Двойной круг света глаз (или глаз света) расширяется по мере продвижения по мистическому пути. Выше (IV, 6) уже говорилось о семи категориях бытия и о семи Небесах, имеющих свои аналогии во внутреннем мире мистика. Расширение световых орбит соотносится с внутренним восхождением по этим семи пластам, каждый из которых порождается соответствующей «буквой» каждого Неба и, согласно учению Семнани (см. ниже, VI), превращается в латифа, тонкие физиологические органы светового человека. Даже учитывая все различия, есть нечто общее между кругами, о которых говорит Наджм Кобра, и другими видениями или диаграммами в форме круга (у Халладжа, у друзов), не говоря уже о функциональной аналогии между латифа у Семнани и чакрами, которые в буддизме махаяны являются центрами сознания и органами сверхчувственного восприятия.
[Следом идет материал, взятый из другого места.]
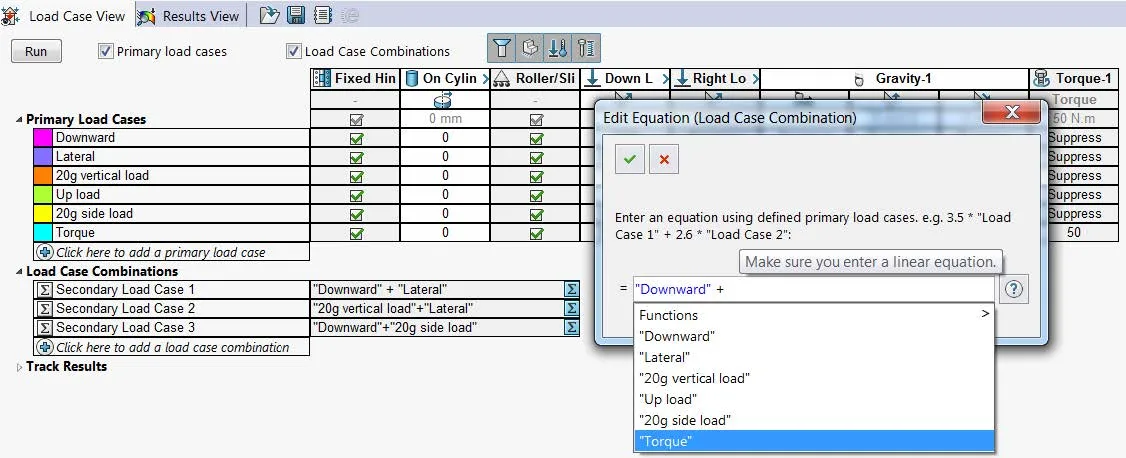 SOLIDWORKS Simulation Load Case Manager Combinations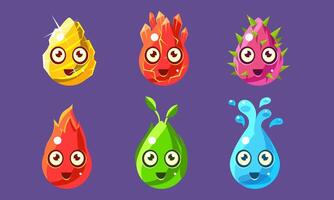 Funny Colorful Glossy Shapes Characters Set, Cute Nature Elements Interface Assets for Mobile App or Game Illustration vector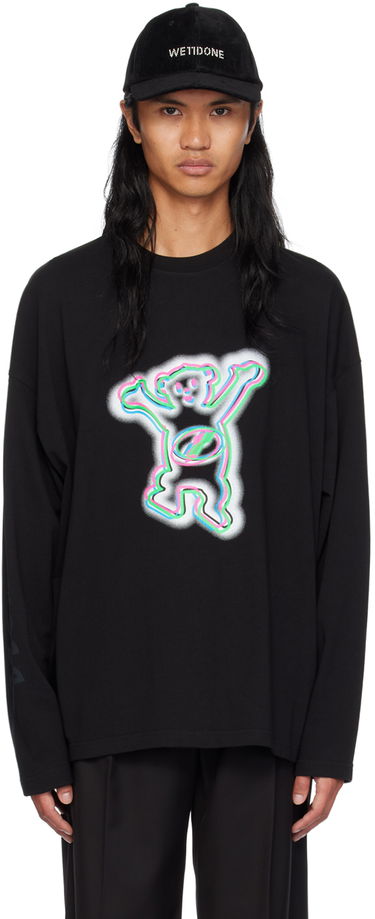 Tričko We11done Colorful Teddy Print Long Sleeve T-Shirt Čierna | WD-TT3-22-833-U-BK, 0
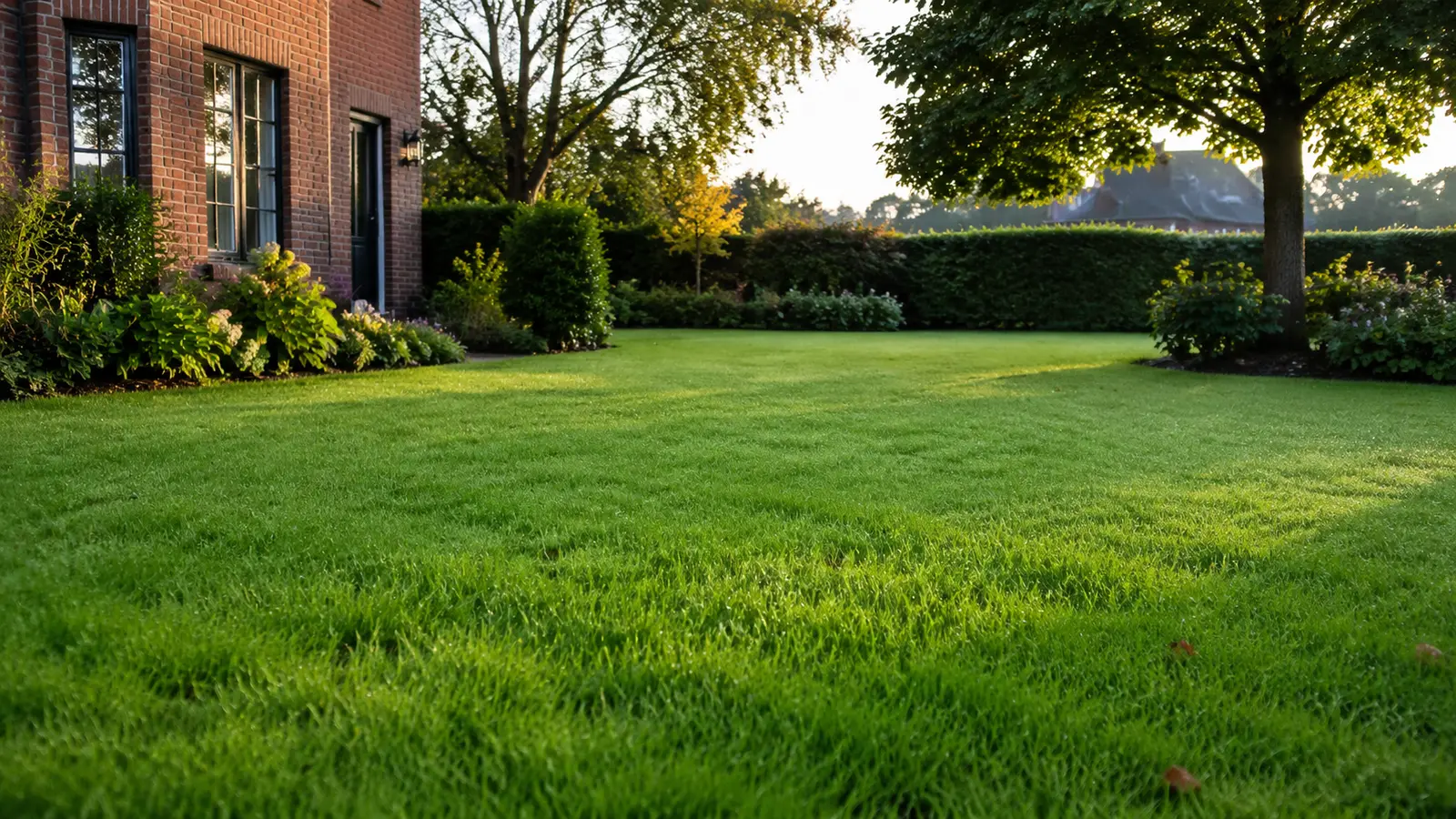 Natuurlijk groen gazon dat iets langer wordt gehouden om minder vaak te maaien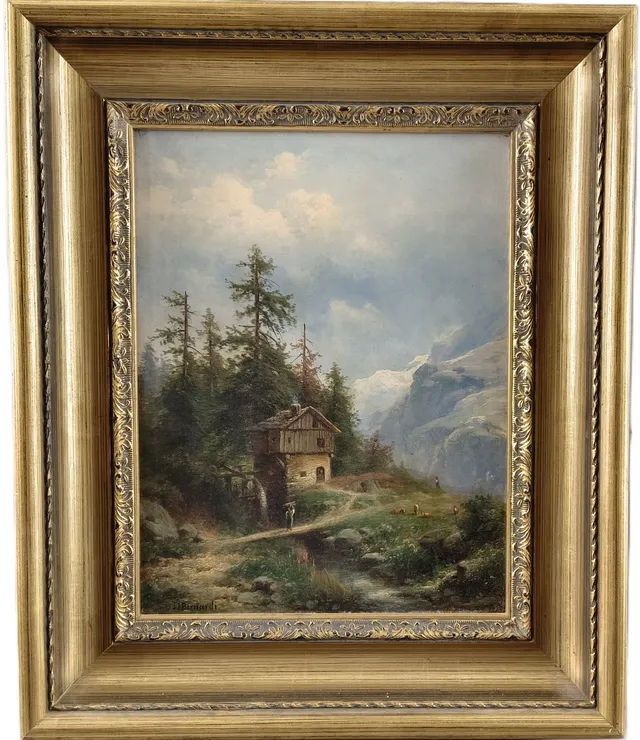 BERNARDI, JOSEPH. Mühle im Hochgebirge, Öl auf Leinwand.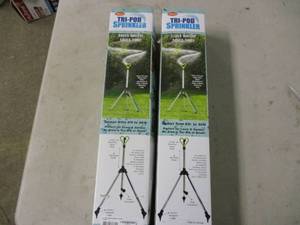 lot 35 image: 2 tri-pod sprinklers 1 used and 1 n...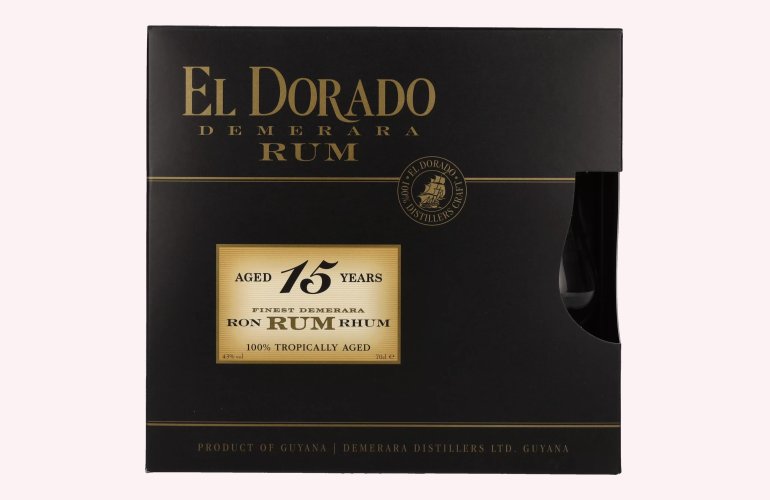 El Dorado 15 Years Old Finest Demerara Rum SPECIAL RESERVE 43% Vol. 0,7l en boîte cadeau avec 2 Verres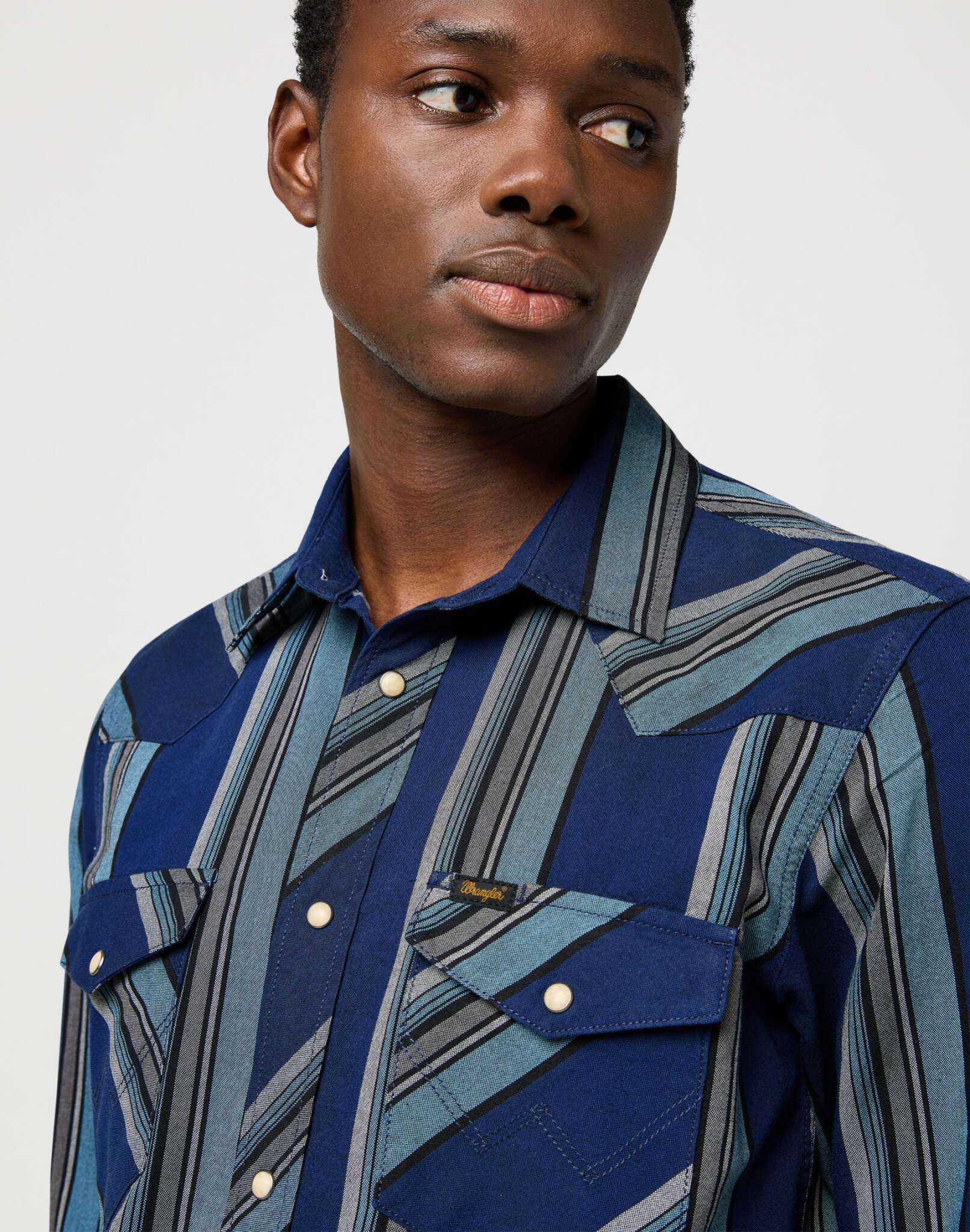Camicia Western Indigo in camicie blu vintage Wrangler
«Когда тот или иной край внутреннего Неба постепенно проясняется, цвет этого Неба и его величина по отношению к Небу предыдущему становятся явственными для мистика, и так до тех пор, пока круг небесный не совпадёт с кругом его лица» (№ 115). «Случается также, что когда душевная тоска сменяется ликованием, страх уступает место уверенности, а оцепенение — пылкому желанию, то все световые круги лица являются разом, и тогда мистику мнится, будто видит он перед собой Божественный Лик, окружённый пламенеющими ореолами, как бы поющими Ему славословия. И тогда он, полностью погружённый в этот свет, невольно восклицает: «Слава мне! Слава мне! Сколь высока участь моя!»[90]9. А придя в себя, повторяет это восклицание в третьем лице: «Слава ему! Слава ему! Сколь высока участь его!» (№ 115).
9. «Свидетель в Небе»
Здесь мы касаемся сокровенной тайны мистического опыта, ключевого события, уже возвещённого «смарагдовым видением». Чередование первого и третьего лица и замещение одного из них другим знаменует всё тот же парадокс Порождаемого – Порождающего, Созерцаемого – Созерцающего, который сквозил в теме Совершенной Природы как высшее выражение индивидуального духовного посвящения. Только в одной этой взаимоуподобляемости можно хотя бы мельком разглядеть черты Высочайшего Лика: светового лика, являющегося и твоим подлинным лицом, ибо ты — лишь частица Его света. Упорствующий в страстном мистическом порыве не опирается на коллективный опыт, который якобы можно поровну разделить на всех и каждого, сделать всеобщим достоянием, из которого каждый вправе потребовать свою долю. Нет, мистический опыт — это нечто единственное в своём роде, глубоко личное, непередаваемое, поскольку этот опыт есть подобие любовных уз. Он — не сыновство, а супружество.